[Opening ENTRIES PROVIDED section]

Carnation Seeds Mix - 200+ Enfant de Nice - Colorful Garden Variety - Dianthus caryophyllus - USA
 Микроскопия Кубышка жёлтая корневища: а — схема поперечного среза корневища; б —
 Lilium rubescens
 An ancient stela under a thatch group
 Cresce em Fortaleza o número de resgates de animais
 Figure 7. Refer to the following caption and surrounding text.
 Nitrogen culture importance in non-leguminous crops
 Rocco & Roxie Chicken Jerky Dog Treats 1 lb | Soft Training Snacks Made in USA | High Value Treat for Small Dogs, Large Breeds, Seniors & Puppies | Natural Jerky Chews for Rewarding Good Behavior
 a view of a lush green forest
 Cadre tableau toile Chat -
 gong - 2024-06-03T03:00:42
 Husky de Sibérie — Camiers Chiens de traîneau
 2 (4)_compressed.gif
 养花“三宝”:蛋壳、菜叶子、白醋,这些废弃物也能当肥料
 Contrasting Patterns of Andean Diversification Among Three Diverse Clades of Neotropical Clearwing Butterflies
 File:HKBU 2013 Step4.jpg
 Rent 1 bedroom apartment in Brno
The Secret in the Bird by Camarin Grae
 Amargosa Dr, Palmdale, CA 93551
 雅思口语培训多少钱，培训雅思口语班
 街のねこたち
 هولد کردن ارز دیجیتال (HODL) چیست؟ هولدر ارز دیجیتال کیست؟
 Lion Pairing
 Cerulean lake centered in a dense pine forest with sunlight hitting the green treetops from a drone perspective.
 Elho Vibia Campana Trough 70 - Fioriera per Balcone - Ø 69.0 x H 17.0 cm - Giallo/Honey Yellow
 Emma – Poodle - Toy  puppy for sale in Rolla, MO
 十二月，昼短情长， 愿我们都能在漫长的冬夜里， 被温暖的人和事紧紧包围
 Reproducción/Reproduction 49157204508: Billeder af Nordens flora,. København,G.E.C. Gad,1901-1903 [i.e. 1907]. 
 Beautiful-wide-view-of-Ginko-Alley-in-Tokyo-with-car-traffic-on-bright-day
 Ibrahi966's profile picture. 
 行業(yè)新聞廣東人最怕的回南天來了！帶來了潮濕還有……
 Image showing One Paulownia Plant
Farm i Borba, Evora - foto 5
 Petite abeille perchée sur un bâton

[Closing ENTRIES PROVIDED section]

*DIRECTIONS FOR THIS TASK*. Return every line of the data above in which "view" appears.

*SOLUTION FOR THIS TASK*.
 a view of a lush green forest
 Beautiful-wide-view-of-Ginko-Alley-in-Tokyo-with-car-traffic-on-bright-day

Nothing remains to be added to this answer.